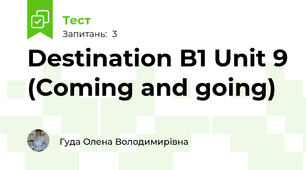 Destination B1 Unit 9 (Coming and going)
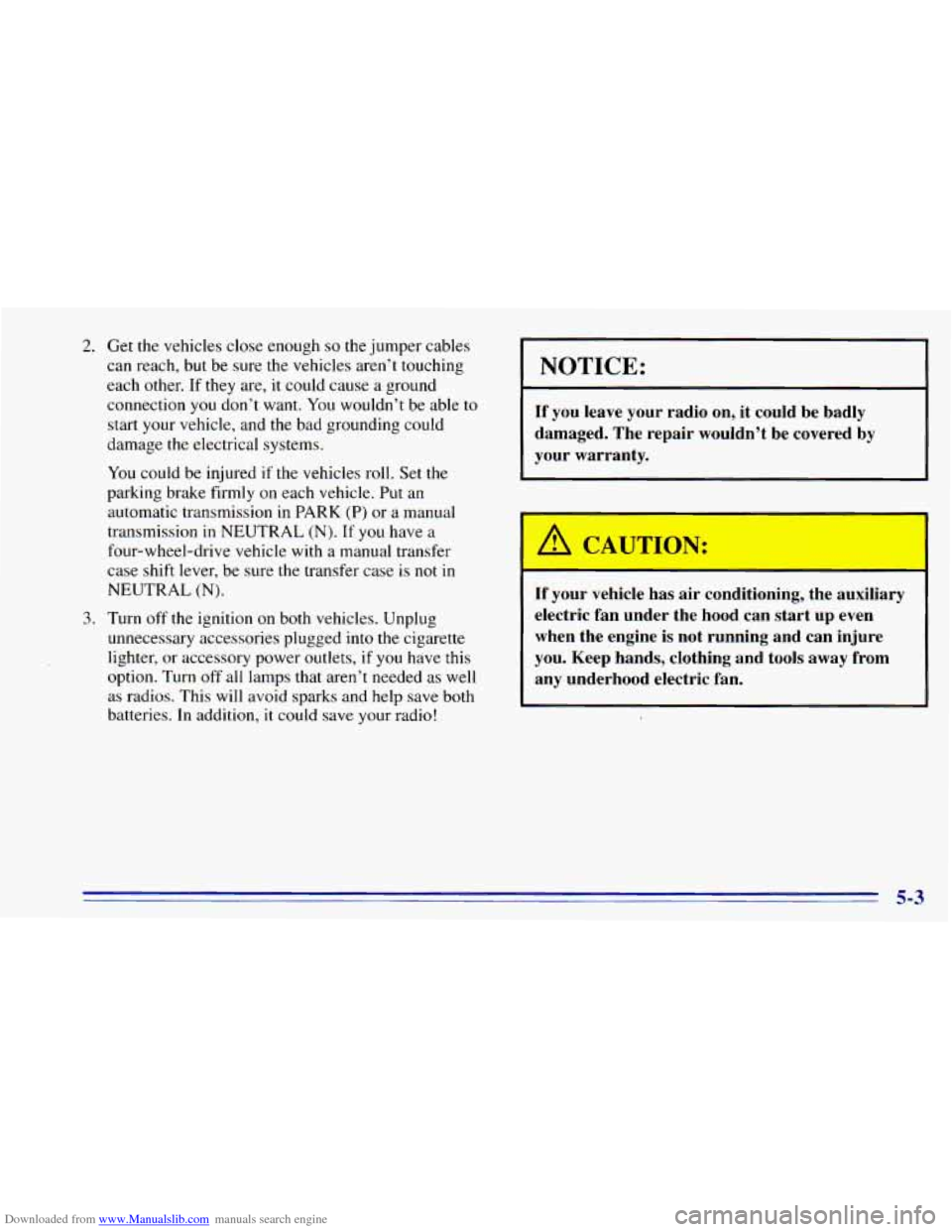 CHEVROLET BLAZER 1996 2.G Owners Manual Downloaded from www.Manualslib.com manuals search engine 2. Get the vehicles close enough so the jumper cables
can reach, but be sure the vehicles aren’t touching
each other.
If they a CHEVROLET BLAZER 1996 2.G Owners Manual Downloaded from www.Manualslib.com manuals search engine 2. Get the vehicles close enough so the jumper cables
can reach, but be sure the vehicles aren’t touching
each other.
If they a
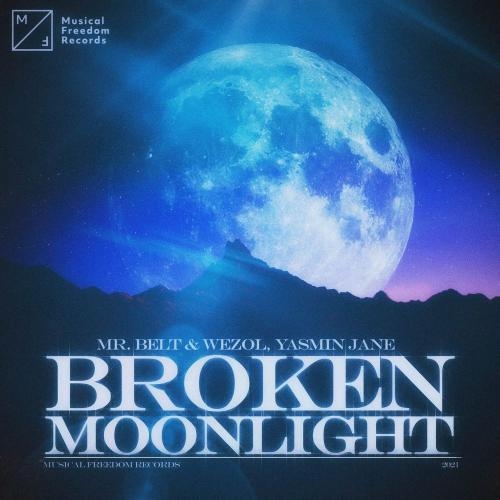 Broken Moonlight - Mr. Belt & Wezol & Yasmin Jane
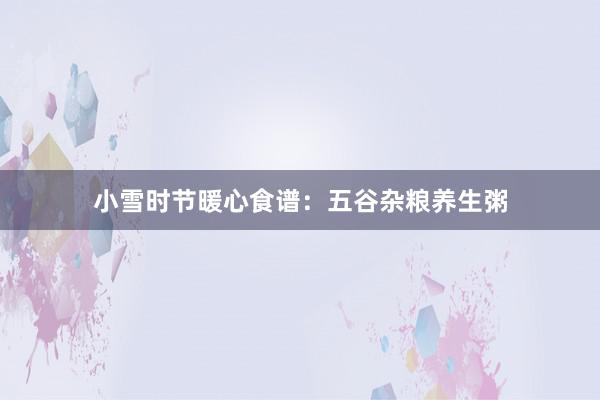 小雪时节暖心食谱：五谷杂粮养生粥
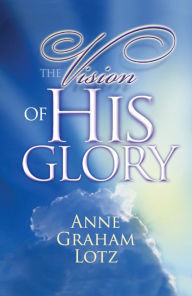 Title: The Vision of His Glory, Author: Anne Graham Lotz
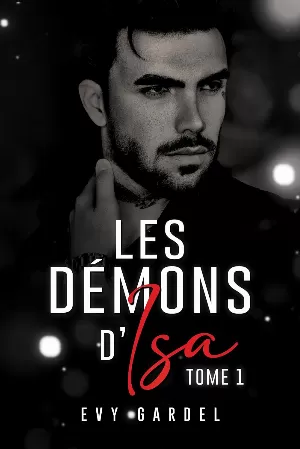 Les Démons d'Isa, Tome 1
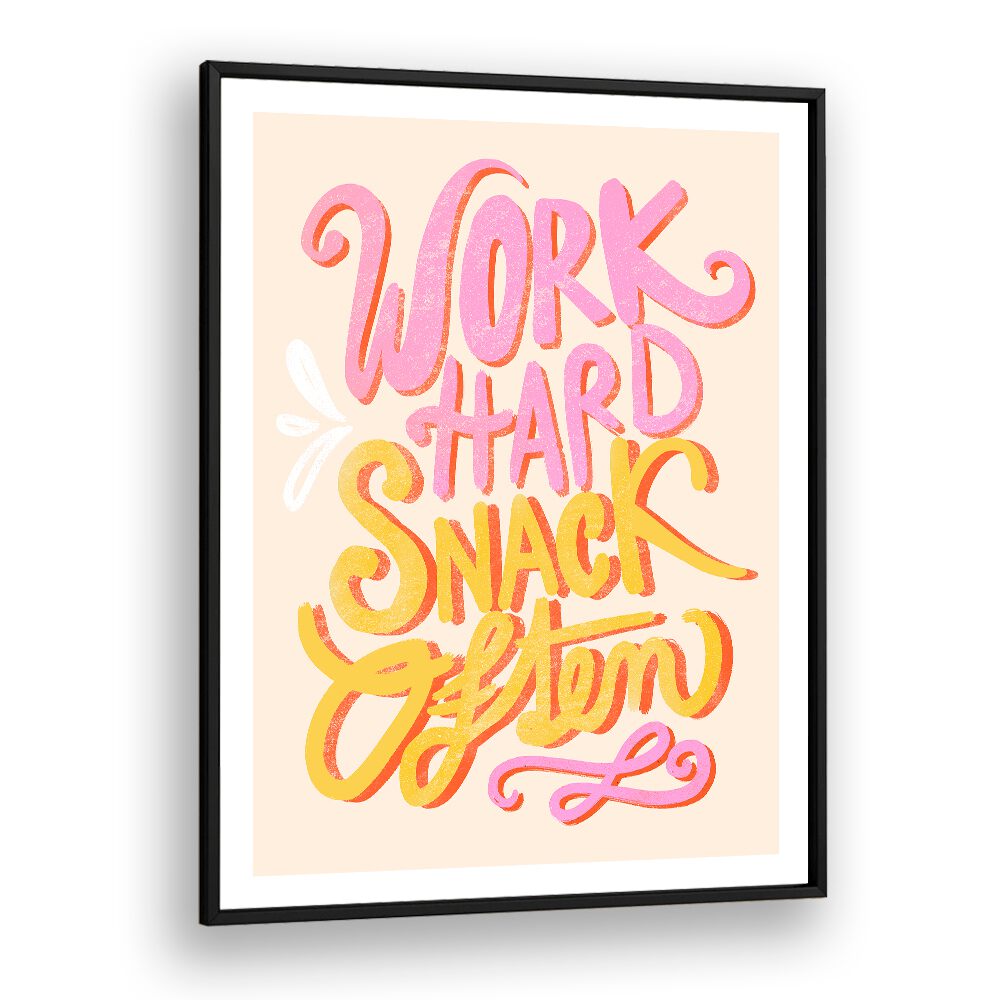 WORK HARD SNACK OFTEN BY BAROO BLOOM , QUOTES AND TYPOGRAPHY POSTERS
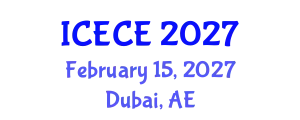 International Conference on Environmental and Chemical Engineering (ICECE) February 15, 2027 - Dubai, United Arab Emirates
--------------------------------
Everything in the listing except the pictures must be reproduced exactly.

▸ **EXERCISE RESPONSE**:
 Destination B1 Unit 9 (Coming and going)
 CHEVROLET BLAZER 1996 2.G Owners Manual Downloaded from www.Manualslib.com manuals search engine 2. Get the vehicles close enough so the jumper cables
can reach, but be sure the vehicles aren’t touching
each other.
If they a CHEVROLET BLAZER 1996 2.G Owners Manual Downloaded from www.Manualslib.com manuals search engine 2. Get the vehicles close enough so the jumper cables
can reach, but be sure the vehicles aren’t touching
each other.
If they a
 Broken Moonlight - Mr. Belt & Wezol & Yasmin Jane
 小雪时节暖心食谱：五谷杂粮养生粥
 Title: The Vision of His Glory, Author: Anne Graham Lotz
 Les Démons d'Isa, Tome 1
 WORK HARD SNACK OFTEN BY BAROO BLOOM , QUOTES AND TYPOGRAPHY POSTERS
 International Conference on Environmental and Chemical Engineering (ICECE) February 15, 2027 - Dubai, United Arab Emirates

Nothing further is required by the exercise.